Enfin nous arrivâmes au grand fleuve Étilia, qui est quatre fois plus grand que la Seine, très profond, et vient de la Grande-Bulgarie, qui est vers le nord, pour se rendre en un grand lac, ou plutôt mer, qu’ils appellent de Hircan,[7] à cause d’une certaine ville ainsi nommée, qui est située sur son rivage du côté de la Perse. Mais Isidore de Séville (chroniqueur du septième siècle) l’appelle mer Caspienne, d’autant que les monts Caspiens et la Perse la bornent au midi, et qu’elle a à l’orient les montagnes de Musihet ou des Assassins,[8] qui sont contigus aux Caspiens. Au nord elle a cette grande solitude où sont maintenant les Tartares. C’est de ce côté-là qu’elle reçoit l’Étilia, qui croît et inonde le pays en été, comme le Nil fait l’Égypte. Elle a à l’occident les montagnes des Alains, les Portes de fer et les montagnes des Géorgiens. Cette mer est donc environnée de montagnes de trois côtés, mais au nord elle n’a que de rases campagnes. On peut en faire le tour en quatre mois de chemin. Ce qu’en dit Isidore, que ce soit un golfe venant de la mer, n’est pas vrai, car elle ne touche l’Océan en aucun endroit, mais elle est toute environnée de terre.[9]
[1] Voy. Marco Polo, liv. II, chap. LXII.

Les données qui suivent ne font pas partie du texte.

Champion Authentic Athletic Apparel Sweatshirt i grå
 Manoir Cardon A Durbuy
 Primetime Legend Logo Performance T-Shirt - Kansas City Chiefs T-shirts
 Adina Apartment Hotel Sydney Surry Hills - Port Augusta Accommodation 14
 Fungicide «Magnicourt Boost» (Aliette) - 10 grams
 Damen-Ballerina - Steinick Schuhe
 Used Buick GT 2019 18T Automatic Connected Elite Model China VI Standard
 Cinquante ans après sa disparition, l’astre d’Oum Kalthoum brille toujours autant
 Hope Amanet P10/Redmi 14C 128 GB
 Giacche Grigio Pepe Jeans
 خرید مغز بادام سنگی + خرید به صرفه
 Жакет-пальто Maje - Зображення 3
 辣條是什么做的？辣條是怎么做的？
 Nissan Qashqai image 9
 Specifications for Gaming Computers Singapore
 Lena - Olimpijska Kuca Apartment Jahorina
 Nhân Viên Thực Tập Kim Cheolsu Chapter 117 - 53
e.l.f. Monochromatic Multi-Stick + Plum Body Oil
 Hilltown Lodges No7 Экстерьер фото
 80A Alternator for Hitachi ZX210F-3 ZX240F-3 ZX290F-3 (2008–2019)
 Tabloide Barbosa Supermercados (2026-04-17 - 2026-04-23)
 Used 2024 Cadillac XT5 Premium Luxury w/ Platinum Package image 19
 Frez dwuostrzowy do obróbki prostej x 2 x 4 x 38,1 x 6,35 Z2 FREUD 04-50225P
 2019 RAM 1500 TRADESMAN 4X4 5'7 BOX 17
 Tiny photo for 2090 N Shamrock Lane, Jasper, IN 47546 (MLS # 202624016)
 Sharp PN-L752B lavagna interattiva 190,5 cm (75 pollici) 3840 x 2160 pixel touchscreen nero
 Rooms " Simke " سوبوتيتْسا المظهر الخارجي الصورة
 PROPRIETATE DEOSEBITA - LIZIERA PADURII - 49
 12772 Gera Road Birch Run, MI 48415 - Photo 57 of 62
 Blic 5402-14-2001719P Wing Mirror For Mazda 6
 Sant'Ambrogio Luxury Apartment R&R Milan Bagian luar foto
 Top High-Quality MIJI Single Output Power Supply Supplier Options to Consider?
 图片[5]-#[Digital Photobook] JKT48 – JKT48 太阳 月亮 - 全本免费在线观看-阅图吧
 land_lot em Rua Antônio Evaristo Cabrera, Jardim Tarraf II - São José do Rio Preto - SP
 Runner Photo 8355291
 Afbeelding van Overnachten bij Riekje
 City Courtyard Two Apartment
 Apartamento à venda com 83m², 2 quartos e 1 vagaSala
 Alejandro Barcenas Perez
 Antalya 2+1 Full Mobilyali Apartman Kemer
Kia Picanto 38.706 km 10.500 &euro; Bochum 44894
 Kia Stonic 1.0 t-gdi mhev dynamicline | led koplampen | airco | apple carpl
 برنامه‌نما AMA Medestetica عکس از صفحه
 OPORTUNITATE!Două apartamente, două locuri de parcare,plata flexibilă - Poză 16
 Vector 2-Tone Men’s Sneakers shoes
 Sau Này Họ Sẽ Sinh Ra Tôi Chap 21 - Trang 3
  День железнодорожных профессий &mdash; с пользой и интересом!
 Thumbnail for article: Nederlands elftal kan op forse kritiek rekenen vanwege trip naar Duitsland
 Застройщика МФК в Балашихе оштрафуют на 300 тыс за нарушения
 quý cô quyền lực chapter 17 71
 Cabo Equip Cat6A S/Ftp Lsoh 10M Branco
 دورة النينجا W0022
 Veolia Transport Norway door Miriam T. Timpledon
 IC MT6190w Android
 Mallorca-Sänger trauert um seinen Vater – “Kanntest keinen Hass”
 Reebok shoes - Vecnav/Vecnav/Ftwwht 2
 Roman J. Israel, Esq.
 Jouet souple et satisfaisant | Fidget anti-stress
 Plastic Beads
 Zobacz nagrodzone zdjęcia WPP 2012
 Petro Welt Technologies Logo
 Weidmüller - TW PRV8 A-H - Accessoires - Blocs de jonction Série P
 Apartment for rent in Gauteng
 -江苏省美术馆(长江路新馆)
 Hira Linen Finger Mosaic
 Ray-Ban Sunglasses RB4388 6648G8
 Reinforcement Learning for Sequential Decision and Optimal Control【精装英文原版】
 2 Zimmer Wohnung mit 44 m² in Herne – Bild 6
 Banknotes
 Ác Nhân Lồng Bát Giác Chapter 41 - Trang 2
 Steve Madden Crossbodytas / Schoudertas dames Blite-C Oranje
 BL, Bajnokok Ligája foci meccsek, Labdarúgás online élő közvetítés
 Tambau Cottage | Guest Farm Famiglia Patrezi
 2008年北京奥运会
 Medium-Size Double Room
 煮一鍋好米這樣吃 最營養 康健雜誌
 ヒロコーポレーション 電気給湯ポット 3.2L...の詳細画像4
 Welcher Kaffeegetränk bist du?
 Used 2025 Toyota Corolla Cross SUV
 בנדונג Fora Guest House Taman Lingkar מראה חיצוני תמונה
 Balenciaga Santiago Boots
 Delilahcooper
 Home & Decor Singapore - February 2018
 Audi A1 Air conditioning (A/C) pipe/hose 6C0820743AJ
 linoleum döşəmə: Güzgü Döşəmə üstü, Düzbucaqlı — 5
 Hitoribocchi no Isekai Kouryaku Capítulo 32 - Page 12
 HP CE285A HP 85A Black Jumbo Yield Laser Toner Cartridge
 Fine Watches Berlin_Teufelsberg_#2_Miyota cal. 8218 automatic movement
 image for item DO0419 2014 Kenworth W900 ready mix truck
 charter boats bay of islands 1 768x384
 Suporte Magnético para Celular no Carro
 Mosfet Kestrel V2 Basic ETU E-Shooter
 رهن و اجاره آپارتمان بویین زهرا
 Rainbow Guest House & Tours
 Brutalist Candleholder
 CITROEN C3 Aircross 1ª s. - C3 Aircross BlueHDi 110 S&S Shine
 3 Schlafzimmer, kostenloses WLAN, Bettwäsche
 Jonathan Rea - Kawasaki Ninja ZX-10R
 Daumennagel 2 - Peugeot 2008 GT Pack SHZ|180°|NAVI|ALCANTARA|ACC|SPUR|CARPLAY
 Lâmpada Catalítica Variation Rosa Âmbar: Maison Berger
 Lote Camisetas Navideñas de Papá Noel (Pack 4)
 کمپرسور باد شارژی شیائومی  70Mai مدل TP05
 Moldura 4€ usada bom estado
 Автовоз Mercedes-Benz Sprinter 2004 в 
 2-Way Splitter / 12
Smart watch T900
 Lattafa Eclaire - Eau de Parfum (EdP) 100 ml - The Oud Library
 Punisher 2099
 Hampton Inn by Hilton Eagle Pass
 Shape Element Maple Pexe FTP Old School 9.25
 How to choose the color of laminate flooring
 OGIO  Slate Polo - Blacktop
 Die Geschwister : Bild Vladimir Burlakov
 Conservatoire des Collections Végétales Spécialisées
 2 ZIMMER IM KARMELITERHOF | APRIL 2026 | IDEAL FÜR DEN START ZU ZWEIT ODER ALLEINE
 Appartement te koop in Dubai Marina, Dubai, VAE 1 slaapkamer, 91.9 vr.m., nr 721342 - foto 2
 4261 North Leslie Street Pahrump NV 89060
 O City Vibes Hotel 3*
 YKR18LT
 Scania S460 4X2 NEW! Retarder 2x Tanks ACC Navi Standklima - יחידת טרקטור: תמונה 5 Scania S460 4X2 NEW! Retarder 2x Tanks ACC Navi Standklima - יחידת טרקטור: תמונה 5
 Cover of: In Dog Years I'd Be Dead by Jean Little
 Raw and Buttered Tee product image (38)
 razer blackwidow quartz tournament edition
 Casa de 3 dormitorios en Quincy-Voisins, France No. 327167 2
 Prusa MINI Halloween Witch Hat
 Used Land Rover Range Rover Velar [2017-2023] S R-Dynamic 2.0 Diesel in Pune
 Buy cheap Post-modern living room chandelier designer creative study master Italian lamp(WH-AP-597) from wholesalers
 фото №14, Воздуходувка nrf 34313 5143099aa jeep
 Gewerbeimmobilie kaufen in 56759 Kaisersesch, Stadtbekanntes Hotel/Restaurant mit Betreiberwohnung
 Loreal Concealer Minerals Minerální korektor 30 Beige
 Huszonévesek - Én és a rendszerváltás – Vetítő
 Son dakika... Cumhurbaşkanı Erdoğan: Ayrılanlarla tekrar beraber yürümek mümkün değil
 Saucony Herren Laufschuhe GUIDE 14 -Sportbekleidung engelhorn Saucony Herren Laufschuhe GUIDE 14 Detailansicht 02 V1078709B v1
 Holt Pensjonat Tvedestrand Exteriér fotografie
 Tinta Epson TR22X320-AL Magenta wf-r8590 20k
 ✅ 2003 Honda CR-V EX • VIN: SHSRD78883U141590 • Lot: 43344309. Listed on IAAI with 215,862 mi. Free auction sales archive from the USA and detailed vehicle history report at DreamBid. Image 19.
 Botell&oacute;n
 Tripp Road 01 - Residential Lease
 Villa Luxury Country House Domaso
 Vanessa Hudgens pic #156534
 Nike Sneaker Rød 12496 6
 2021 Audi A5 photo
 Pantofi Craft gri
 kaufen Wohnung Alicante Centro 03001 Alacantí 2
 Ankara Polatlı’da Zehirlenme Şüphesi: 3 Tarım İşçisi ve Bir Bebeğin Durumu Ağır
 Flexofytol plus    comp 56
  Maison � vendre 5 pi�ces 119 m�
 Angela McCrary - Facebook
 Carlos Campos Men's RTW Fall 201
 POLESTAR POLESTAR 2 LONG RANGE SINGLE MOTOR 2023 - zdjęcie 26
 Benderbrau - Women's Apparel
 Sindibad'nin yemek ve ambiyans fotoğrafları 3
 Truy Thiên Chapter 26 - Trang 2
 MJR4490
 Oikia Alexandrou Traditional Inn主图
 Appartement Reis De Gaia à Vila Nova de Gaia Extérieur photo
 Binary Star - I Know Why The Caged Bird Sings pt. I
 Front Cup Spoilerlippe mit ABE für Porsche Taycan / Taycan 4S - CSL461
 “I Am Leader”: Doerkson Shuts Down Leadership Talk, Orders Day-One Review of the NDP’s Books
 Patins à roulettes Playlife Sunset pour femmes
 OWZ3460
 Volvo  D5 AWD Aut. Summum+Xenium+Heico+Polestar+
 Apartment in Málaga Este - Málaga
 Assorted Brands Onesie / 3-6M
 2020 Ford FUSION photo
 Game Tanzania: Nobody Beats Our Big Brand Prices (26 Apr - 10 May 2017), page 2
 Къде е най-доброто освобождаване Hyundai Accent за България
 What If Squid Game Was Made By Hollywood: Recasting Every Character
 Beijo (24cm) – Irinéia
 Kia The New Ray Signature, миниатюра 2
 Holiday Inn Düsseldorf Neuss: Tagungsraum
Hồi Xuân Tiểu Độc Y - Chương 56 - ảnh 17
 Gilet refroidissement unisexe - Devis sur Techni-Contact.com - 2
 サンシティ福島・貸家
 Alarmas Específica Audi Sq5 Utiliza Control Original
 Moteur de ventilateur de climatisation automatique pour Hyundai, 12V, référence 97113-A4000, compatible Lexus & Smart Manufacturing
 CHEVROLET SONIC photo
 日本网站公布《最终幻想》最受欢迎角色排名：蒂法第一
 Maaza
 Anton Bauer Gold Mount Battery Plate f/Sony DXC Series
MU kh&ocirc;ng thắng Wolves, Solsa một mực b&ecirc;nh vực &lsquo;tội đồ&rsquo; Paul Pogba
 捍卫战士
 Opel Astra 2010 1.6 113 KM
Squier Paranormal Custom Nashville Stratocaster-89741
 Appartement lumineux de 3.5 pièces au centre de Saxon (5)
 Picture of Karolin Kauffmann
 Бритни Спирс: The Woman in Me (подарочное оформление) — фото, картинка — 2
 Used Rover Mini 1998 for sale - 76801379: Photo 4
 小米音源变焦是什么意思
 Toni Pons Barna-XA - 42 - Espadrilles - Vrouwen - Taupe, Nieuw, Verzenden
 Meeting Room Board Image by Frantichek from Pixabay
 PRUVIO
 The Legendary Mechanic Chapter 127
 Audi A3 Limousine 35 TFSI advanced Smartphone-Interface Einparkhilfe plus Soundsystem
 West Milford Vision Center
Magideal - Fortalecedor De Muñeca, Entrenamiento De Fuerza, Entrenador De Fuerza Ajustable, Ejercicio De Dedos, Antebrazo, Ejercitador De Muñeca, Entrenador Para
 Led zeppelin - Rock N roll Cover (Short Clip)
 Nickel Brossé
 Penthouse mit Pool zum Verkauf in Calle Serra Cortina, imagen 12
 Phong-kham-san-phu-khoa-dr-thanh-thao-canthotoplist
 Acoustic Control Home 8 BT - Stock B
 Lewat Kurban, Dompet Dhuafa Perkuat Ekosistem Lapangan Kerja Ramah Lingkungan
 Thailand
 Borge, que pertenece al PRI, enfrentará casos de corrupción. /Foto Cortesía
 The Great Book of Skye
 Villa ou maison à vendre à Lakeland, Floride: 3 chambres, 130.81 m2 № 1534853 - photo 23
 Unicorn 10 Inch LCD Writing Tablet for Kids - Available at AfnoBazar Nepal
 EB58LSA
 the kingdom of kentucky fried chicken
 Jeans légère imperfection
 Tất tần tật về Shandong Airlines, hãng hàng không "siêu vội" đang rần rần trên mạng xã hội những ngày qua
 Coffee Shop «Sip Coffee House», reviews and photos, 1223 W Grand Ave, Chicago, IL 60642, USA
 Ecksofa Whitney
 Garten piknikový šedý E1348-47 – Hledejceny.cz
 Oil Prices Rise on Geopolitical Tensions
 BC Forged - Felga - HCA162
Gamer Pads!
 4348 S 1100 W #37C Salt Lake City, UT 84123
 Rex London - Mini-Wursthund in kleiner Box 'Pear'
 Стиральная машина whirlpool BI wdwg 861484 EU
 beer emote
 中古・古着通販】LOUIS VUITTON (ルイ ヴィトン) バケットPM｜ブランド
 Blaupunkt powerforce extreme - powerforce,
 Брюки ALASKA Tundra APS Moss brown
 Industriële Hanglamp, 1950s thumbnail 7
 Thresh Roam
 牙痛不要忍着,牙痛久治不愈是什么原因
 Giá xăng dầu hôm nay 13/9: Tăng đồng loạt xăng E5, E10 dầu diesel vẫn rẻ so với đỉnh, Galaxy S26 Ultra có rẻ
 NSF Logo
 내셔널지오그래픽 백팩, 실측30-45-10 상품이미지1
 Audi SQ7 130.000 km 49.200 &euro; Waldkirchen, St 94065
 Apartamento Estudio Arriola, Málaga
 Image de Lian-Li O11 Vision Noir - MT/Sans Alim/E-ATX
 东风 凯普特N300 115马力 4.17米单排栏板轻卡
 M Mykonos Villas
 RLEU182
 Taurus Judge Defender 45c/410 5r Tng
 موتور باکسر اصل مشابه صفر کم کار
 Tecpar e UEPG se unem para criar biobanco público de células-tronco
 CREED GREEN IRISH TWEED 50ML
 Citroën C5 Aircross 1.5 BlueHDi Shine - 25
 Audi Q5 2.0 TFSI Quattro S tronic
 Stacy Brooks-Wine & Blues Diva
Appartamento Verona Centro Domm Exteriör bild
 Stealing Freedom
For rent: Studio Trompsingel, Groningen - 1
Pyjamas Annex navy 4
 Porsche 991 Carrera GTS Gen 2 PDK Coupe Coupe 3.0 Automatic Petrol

[2] L’auteur entend par Grande-Bulgarie une région de l’ancienne Scythie qui s’étend vers le nord à l’ouest des monts Ourals. De là seraient venus, avec les invasions, les ancêtres des Bulgares actuels, qui se sont fixés dans les Balkans et sur le bas Danube. On voit encore en effet sur la rive droite de la Kama, affluent septentrional du Volga, les ruines d’une ancienne cité de Bolgari, à laquelle ces peuples doivent leur nom.
[3] Nom donné à la ville de Derbend, placée sur un défilé très fréquenté, formé par un versant du Caucase et le rivage de la mer Caspienne. Une grande porte de fer, qui défend au nord l’entrée de cette ville, lui a valu ce surnom.
[4] Voy. Marco Polo, liv. Ier, chap. XV.
[5] Mangou-Khan, empereur mongol (prédécesseur de Koubilaï-Khan, à la cour duquel vécut Marco Polo), régna de 1250 à 1259.
[6] Le futur Tchengis-Khan, le Gengis-Khan de nos histoires.
[7] La mer Caspienne a été jadis appelée Hircanienne.
[8] Voy. dans Marco Polo, liv. Ier, chap. XXVIII, l’histoire du Vieux de la Montagne.
[9] Nous trouvons ici les premières notions précises données sur cette mer.